Somewhere between Elementary School Teaching and All Things Cooking, I took care of people’s money. I fell into it really. Conventional teaching was playing havoc with my health, and a vendor of Spouse’s needed someone to help get the invoicing done. I stepped up. Quickly, and on-the-go, I learned the basics of balance sheet accounting, and before anyone could say Fixed Asset, I was a bookkeeper. Accounting was orderly, systematic, and while it offered drama via cash flow, it never left me sleepless at night, worried that I wasn’t doing enough for the accounts, that I wasn’t reaching the real need of the ledger, that I needed to find a more integrated way of connecting with the vendors. Teaching, as I knew it, was gone.

For the 20 years that followed, I worked for small companies, primarily connected through the printing and graphic arts industry. The size of company, the industry, and the region we were in made for a very small, connected world.
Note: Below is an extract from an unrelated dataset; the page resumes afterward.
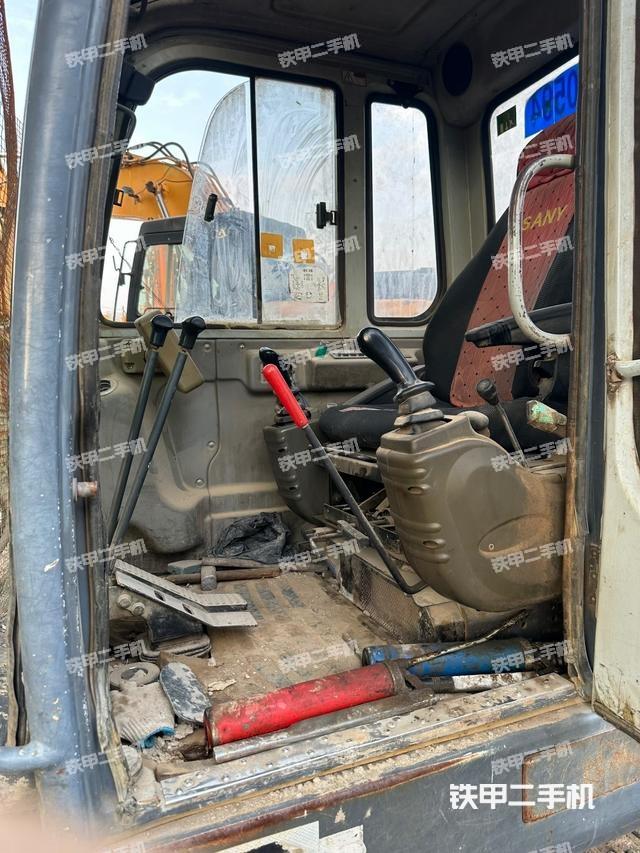 驾驶室整体（整机外观）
Our Graphic Arts firm was a hub for the bevy of small printing companies in the area, each vying for market share, suspicious of each other, yet all smiles and handshakes when they happened on each other in our foyer. I knew the ones who paid us promptly, the ones who were past due because of disorganization, and the ones who wanted us to help bankroll their own expansion by not paying their due. I liked the company I worked for. It was a true sole proprietor-owned, Small Business. We had birthday lunches, baby showers, and Holiday Parties. We fought, we apologized, we gossiped, we were dysfunctional like most families. As the technology of the industry began to shift, graphic arts companies were the first to feel the changes. When my work didn’t require as many hours, I began to help out a printing company and a bindery, both small companies, giving me accounting experience, and industry knowledge, which spanned the entire process of producing a printed product.
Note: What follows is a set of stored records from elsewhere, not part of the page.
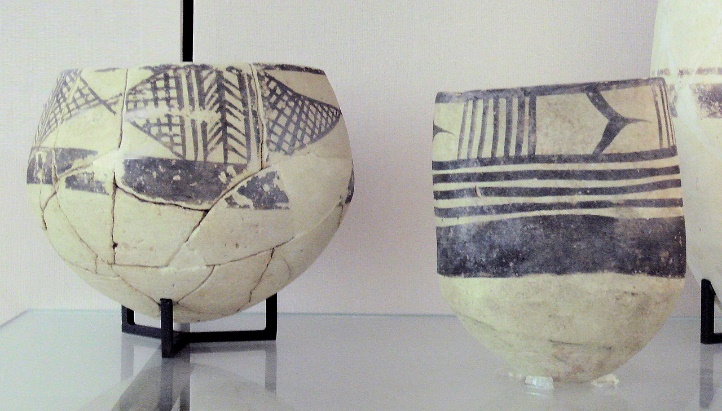 https://upload.wikimedia.org/wikipedia/commons/thumb/9/92/Ubaid_IV_pottery_jars_4700-4200_BC_Tello%2C_ancient_Girsu%2C_Louvre_Museum.jpg/1280px-Ubaid_IV_pottery_jars_4700-4200_BC_Tello%2C_ancient_Girsu%2C_Louvre_Museum.jpg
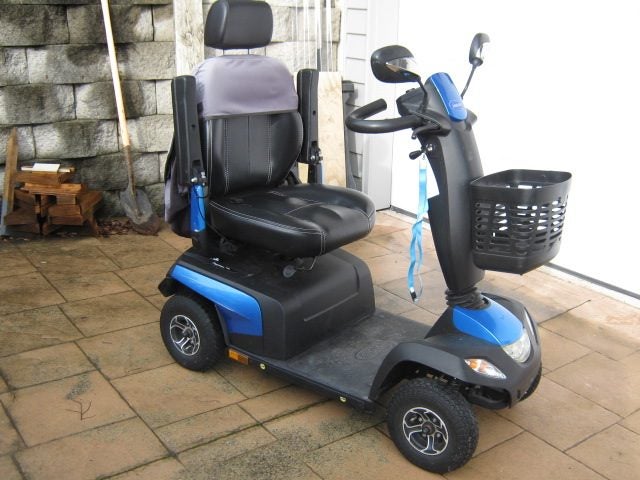 Mobility scooter Carousel 1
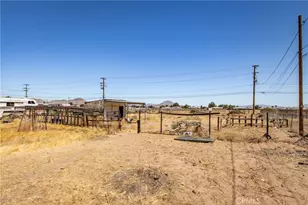 21798 Standing Rock Ave, Apple Valley, CA 92307 - Photo 20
I did all right as a bookkeeper. Not a Lover-of-Math in school, basic concepts that I would need for bookkeeping had finally been made clear for me when I had to teach kids how to perform the same operations. There is real-world application for math, up though beginning algebra, for most people. I occasionally had to “solve for x” and I was happy to know how. I learned, on the job, how to manage cash flow, anticipate sales income, manage depreciation schedules and accruals, amortize, negotiate with vendors, the importance of customer service, and all the ins and outs of State Tax Reporting. While I had a requisite amount of attention to detail, I was not fastidious with those details, finding myself on a rollercoaster of tidy/filing/all-ducks-in-row to papers piling/entries missed/catching everything up at the last minute. I wasn’t a REAL accountant and didn’t care to be.
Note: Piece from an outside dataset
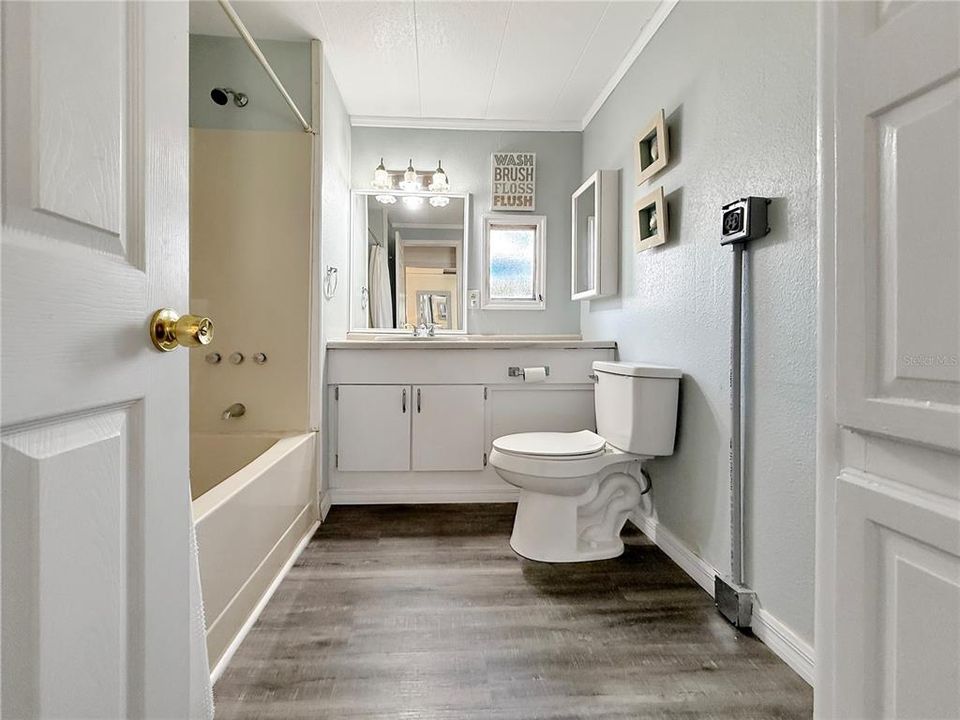 For Sale: $85,000 (2 beds, 1 baths, 660 Square Feet)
Like basic algebra, most people practice a level of real world accounting: paying bills, balancing checking accounts, figuring how much interest they would have to pay on a loan. The IRS requires that we keep wage, banking, and tax deduction records to support our tax returns for any number of years. Less tangible accounting is experienced emotionally. As a child, I was taught, “Love keeps no record of wrong,” a warning against keeping track of offenses. My parents extrapolated the meaning of this to include that if I chose to forgive someone, I was responsible for forgetting the wrong done to me. I will spare you any details of inner unmet expectation and the resultant bouts of guilt, but simply say that forgiving equalling forgetting is bull shit. I do believe that “keeping a record of wrong” is also a load of hooey. Filling ledgers with offenses done to me, petty or otherwise, turns me into Scrooge himself: empty of life, alone and haggard, unable to allow joy or light into my space. I still remember the offense, sometimes acutely, but each time I do, I look to see what I have that’s good, right in that immediate moment: spouse? child? shelter? ability? my garden? or that I am simply still breathing? This exercise helps me begin to let go of the offense, and to continue to let go, over and over if necessary.

Growing up, I thought that not keeping records of wrong was about loving the offender. Now I know it is an exercise of love for my own well-being. And though I often don’t completely forget (it is amazing what an overtired, stressed-out brain can dredge up from the past), the pain, the anger, the twisting effect of those events, lessens. When I stop this negative accounting, when I work on loving myself by offering forgiveness, I can try to practice another adage taught by my parents: Love your neighbor as yourself. Impossible?